==== Data below ====

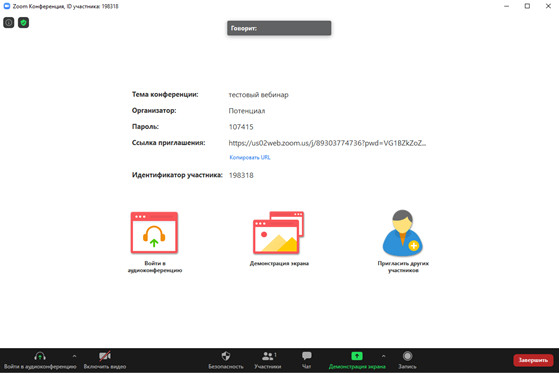 На этом этапе можно проверить звук или сразу войти с использованием звука компьютера. Вы попадете в вебинарную комнату.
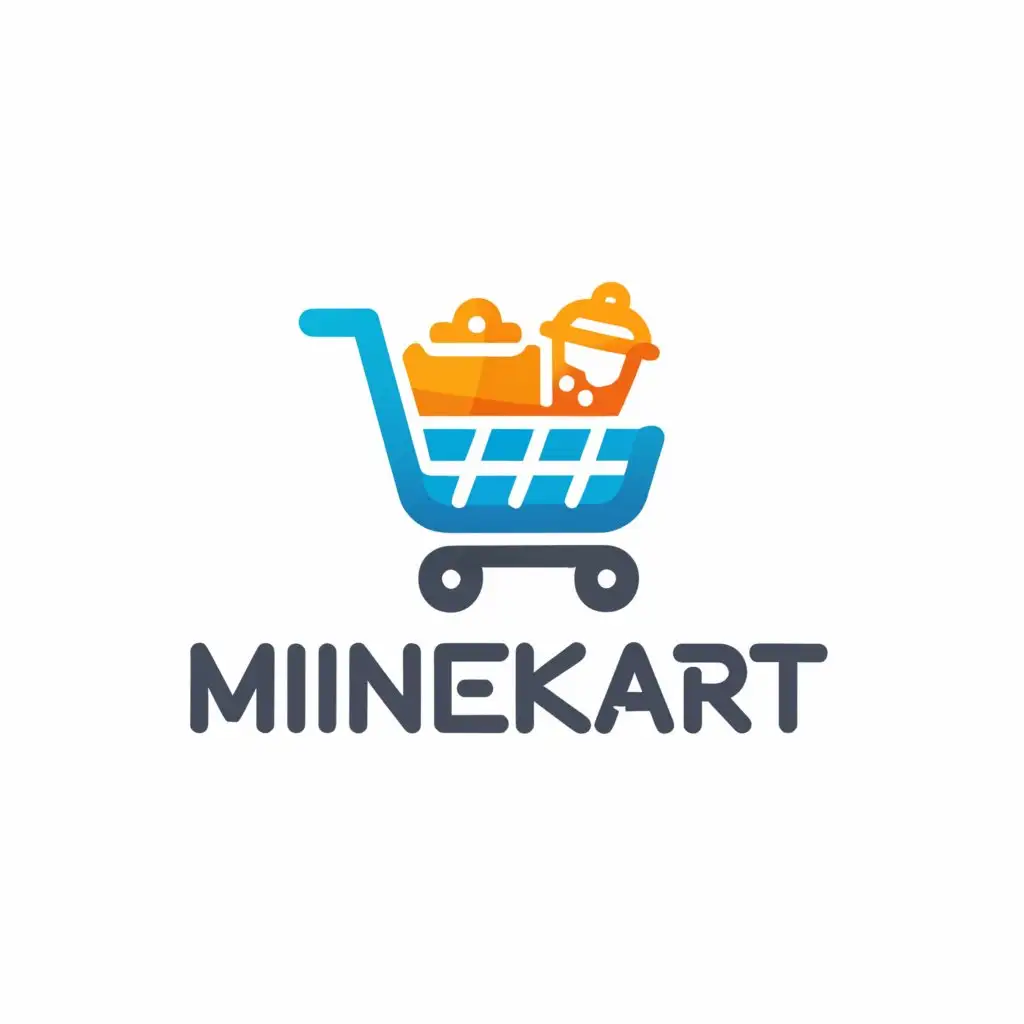 a logo design,with the text "MINEKART", main symbol:SHOPPING,Moderate,clear background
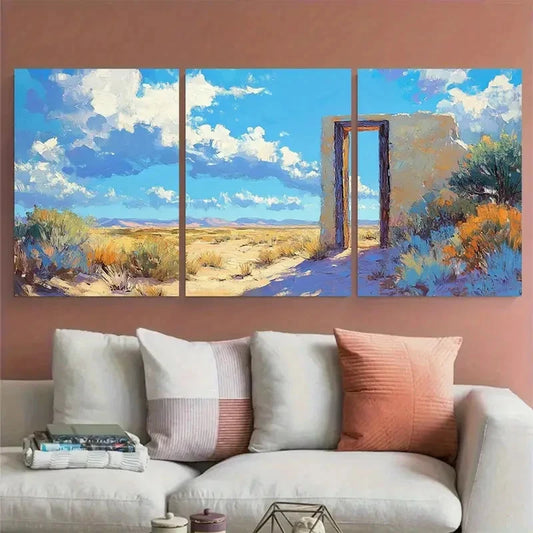 3pcs Desert Doorway Impressionist Painting Wall Art Set Canvas Framed 40x60cm - High Quality Print 100% Australian Made Wall Canvas Ready to Hang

====

■ What to work on
Pictures excluded, write out exactly and only the lines of the material from the one containing "a logo design,with" up to and including the last line.

■ Answer space
 a logo design,with the text "MINEKART", main symbol:SHOPPING,Moderate,clear background
 3pcs Desert Doorway Impressionist Painting Wall Art Set Canvas Framed 40x60cm - High Quality Print 100% Australian Made Wall Canvas Ready to Hang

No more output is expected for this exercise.